Island on fire: Crews battling wildfires near Port Hardy and Port Alberni

Both fires suspected to be human caused

  • Jul. 6, 2015 7:00 p.m.

Smoke continued to affect the Comox Valley and the entire south coast of B.C. Monday after several forest fires broke out on the weekend.

The Tsulquate Creek fire that started Friday near Port Hardy experienced “minimal growth” Sunday, according to the BC Wildlife Service.

“The evacuation order has been downgraded to an alert,” Ellie Dupont at the Coastal Fire Centre said Monday.

A one-hectare spot fire from a burning ember that was within 400 metres of homes was contained Monday. The larger 16-hectare fire had been 20 per cent contained along the portion closest to the town.

“The crews are working to remove fuels from the fire line on the sides that are closest to the community — and there’s a lot of smoke,” Dupont said. “The helicopters, which there are four, will continue bucketing today. Fire behaviour has been decreased to Rank 1, which is smouldering ground.”

Another fire that broke out Saturday on Dog Mountain on Sproat Lake near Port Alberni continued to “burn aggressively” Sunday as it neared cabins. It covered about 35 hectares. Retardant dropped by air tankers and water dropped by helicopters slowed the blaze, but cabins at the lake were evacuated. One cabin was burning Monday morning.

“We heard overnight that it was lost,” Dupont said. “It had been empty for two to three years apparently.”

“They’re (firefighters) still having a hard time with the slope.
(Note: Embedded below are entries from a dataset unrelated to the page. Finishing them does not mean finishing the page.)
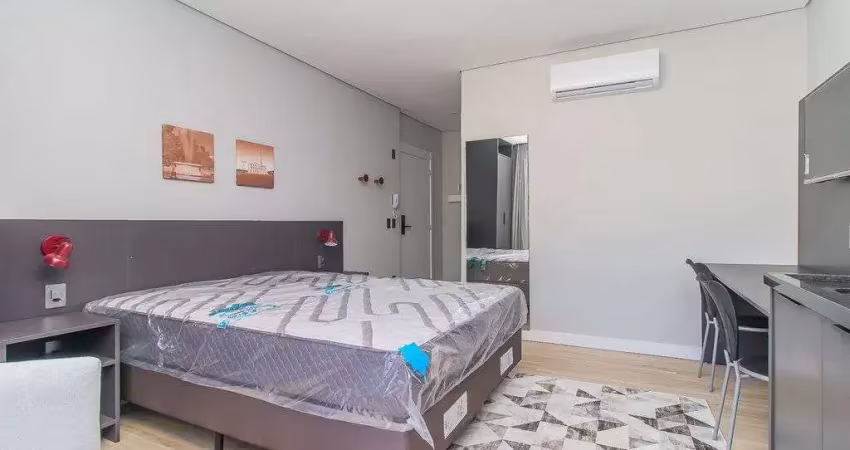 Casa em condomínio fechado com 1 quarto à venda na Rua Senhor dos Passos, Centro Histórico, Porto Alegre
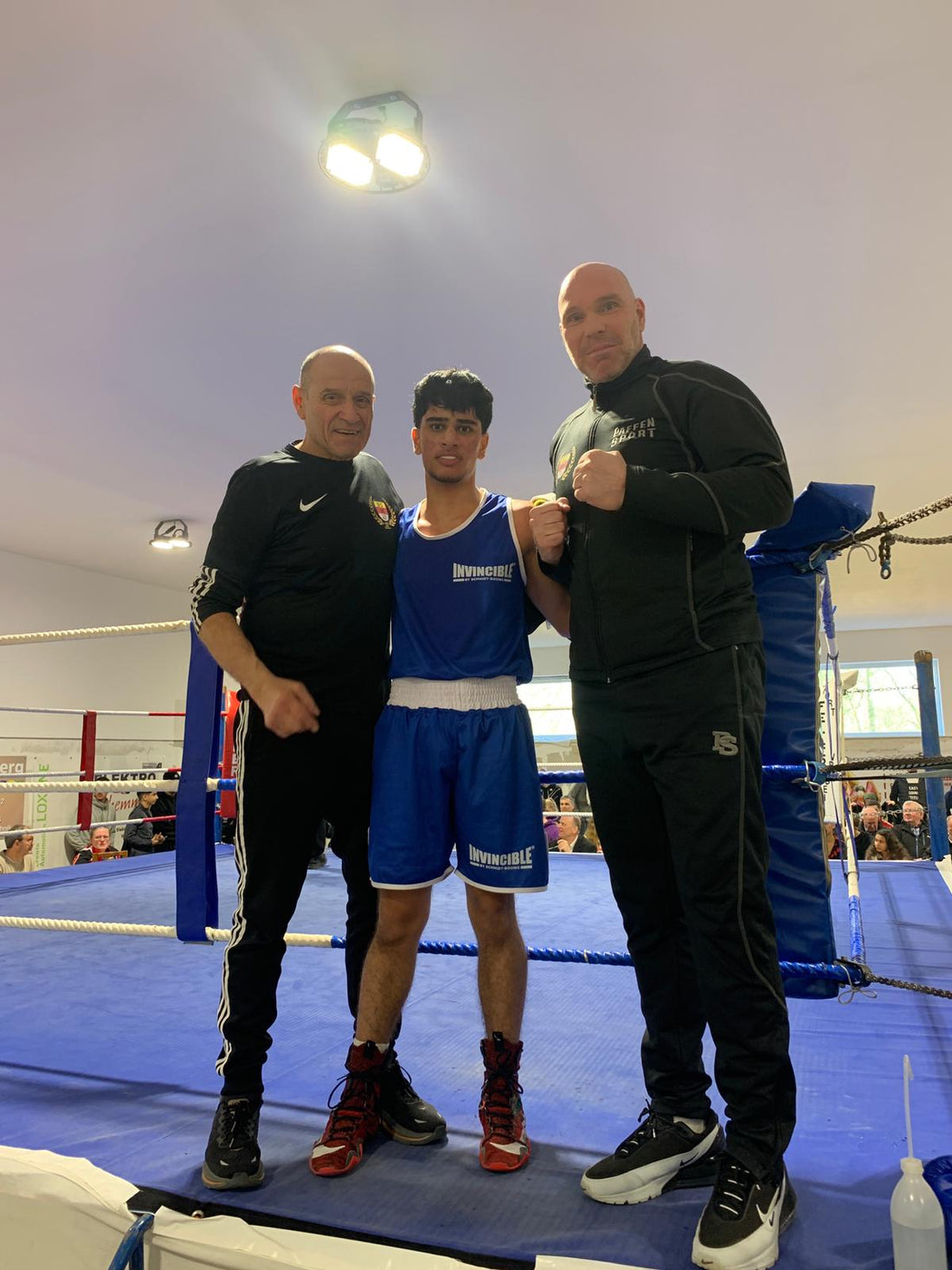 NRW Meisterschaften U19 Halbfinal/Finale in Köln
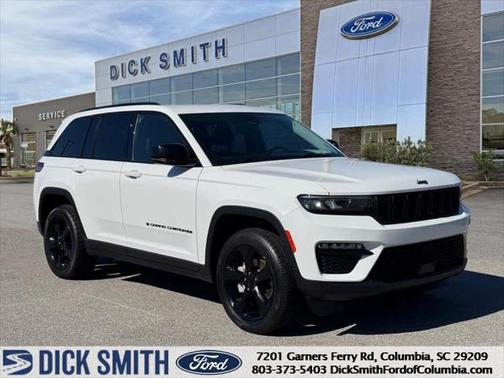 2023 Jeep Grand Cherokee Limited X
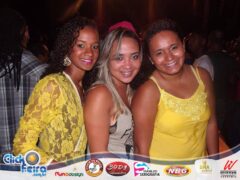 Show do Péricles e É o Tchan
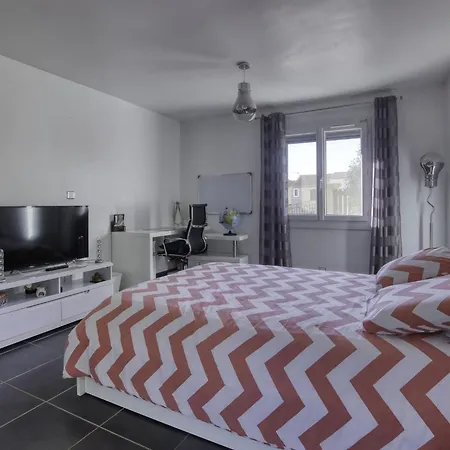 Holiday home La Maison Chateau By Interhome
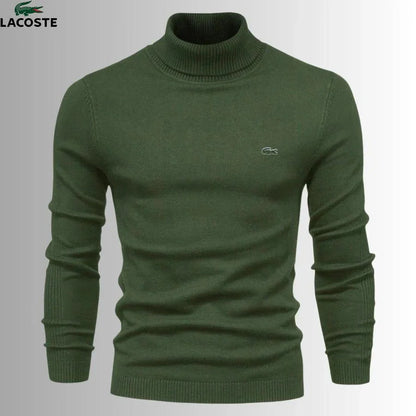 LC - Maglione a collo alto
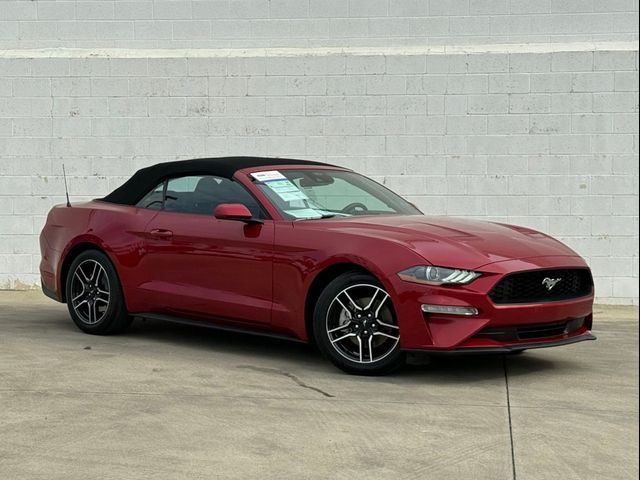 2021 Ford Mustang EcoBoost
It’s very steep so they have to be very careful that no one gets hurt, or other structures are lost.”

Both fires are suspected to be human caused.

The public is reminded to be diligent within back and front country areas. Human-caused fires can divert critical resources and crews needed to fight naturally-occurring wildfires.

Anyone found in violation of an open fire ban, including campfires, may be issued a ticket for up to $345. Anyone who causes a wildfire through arson or recklessness may be fined up to $1 million, spend up to three years in prison and be held accountable for associated firefighting costs.